Wednesday, January 15, 2014

Lighting

This will take some time to complete so bear with me.  I just looked at a video on YouTube about making candle wicks.  Very interesting, but it involved using salt and Borax.  Ok, so salt is tough enough to find without a supermarket, but Borax?!  What are people thinking.  If you live in Death Valley, Borax is pretty easy to come by, but anywhere else, and you might be in trouble.


Candles
You can make primitive wicks out of anything that will burn.  I saw a video where a woman twisted a part of a sheet of paper into what is called a "SPILL"...just a tight twist of paper used to light pipes and fires in the 19th century.(Why waste expensive paper?)  Then it was inserted into the center of a can of  vegetable shortening, the top rubbed with a bit of the fat, and then burned.  It worked pretty well, and you can store a few cans of the stuff for use with all your other food supplies to get you through till the first time you butcher your animals for food and tallow.
In the long run, though, you need a better and renewable supply of wick making materials.  Here is the basic recipe for wicks as seen on You Tube.


Use kite string or any natural flammable string.  Cotton is great.
One of the reasons old candles were a problem is that the plain wicks curled in such a way that the wick landed on the candle's melt rim and allowed the wax to run out of the side of the candle.  This can be partially solved by braiding three strands of string or whatever, tightly and make the wick out of that.  It will curl tightly as it burns and be less of a problem.
 
1 1/2 cups of warm water.
dissolve:
2 Tablespoons of salt and
4 Tablespoons of borax


Dip your string in the solution for 15 minutes or so.

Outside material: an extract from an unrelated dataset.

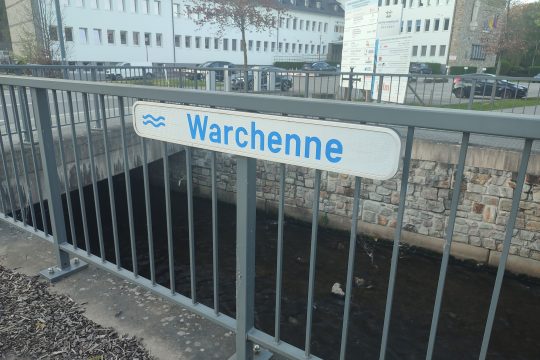 Schild mit der Beschriftung "Warchenne" ist an einem Geländer am Bachlauf befestigt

Hang to dry for several days...I mean DRY!


Dip the wicks in tallow or wax  to coat and soak the wick. 
Dry thoroughly and store wrapped in paper.






An alternative to this recipe is to soak your wick material in Saltpeter.  Saltpeter is Potassium Nitrate.  You will see crystals of this on the ceilings of caves, where water has been coming in for some time. There are other ways of making it and they are described here in a Wikipedia article.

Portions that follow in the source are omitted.